The physics involved are what make Nippon Marathon so funny to play and there’s no way you can finish a race without falling at least once. This can get frustrating when as soon as you get up you’re knocked right back down again, but playing with your friends is hectic and it does provide a great deal of laughs because of how ridiculous it all is. Nippon is certainly much more fun to play in multiplayer, and sadly there is no online mode, but you can play with up to four others locally.

As stated before, Nippon Marathon is meant to not be a polished experience and even bad in some instances. The gameplay is sometimes not responsive on purpose and the exaggerated style takes some getting use to. Nippon feels very much like a Japanese title, from the way it animates, to the over-the-top voice acting and dialogue.

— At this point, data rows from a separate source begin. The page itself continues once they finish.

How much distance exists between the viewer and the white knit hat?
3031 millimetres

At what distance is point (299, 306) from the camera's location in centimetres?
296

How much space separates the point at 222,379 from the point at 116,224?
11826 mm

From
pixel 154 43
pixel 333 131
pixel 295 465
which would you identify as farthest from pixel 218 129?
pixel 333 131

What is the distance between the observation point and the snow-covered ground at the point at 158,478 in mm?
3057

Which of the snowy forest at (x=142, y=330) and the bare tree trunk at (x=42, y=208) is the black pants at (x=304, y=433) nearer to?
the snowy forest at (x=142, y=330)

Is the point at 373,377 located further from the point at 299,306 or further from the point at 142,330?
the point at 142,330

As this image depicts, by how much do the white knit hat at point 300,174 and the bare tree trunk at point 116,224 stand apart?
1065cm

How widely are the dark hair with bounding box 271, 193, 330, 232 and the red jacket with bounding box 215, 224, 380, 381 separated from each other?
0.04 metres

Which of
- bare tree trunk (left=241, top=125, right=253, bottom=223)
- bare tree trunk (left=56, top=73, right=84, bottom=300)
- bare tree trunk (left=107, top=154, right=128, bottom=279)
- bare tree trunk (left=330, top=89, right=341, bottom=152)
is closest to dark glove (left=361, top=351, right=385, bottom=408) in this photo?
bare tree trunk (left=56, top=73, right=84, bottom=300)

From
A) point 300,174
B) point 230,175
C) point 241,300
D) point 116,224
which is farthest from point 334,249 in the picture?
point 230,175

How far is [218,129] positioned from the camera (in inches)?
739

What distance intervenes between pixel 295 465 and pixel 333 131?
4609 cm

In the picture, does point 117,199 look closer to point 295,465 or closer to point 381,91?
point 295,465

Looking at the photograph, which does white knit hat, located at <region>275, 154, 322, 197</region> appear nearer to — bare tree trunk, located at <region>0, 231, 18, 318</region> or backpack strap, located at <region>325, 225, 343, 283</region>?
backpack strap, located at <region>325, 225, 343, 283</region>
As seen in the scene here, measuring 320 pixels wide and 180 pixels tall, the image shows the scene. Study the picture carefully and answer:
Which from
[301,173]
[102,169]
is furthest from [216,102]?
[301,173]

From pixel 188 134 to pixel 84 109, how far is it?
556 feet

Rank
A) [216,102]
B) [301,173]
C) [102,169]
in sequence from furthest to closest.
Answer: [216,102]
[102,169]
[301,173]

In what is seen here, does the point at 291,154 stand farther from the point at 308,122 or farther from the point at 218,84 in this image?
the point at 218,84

The level designs are clever with many different environments to race through with urban streets, cliffs, school buildings, and even constructions zones.

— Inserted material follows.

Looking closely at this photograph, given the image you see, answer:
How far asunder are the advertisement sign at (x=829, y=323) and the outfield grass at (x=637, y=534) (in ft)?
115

Graphically, the lighting and effects look decent considering the budget and manpower of the title. Everything has a pasty-like aesthetic and the characters faces look ugly, but thankfully the eccentric soundtrack and out-of-control sound effects mesh well with what Nippon Marathon is trying to accomplish.

Overall, Nippon Marathon is a weird experiment of a game and it was really hard to put into words how I felt about it. I did have fun and enjoyed playing it for the silliness and humor, but the gameplay and overall presentation is lackluster in execution. If you have friends to play with, Nippon Marathon can be a good time, but just know the content provided might wear thin pretty quickly.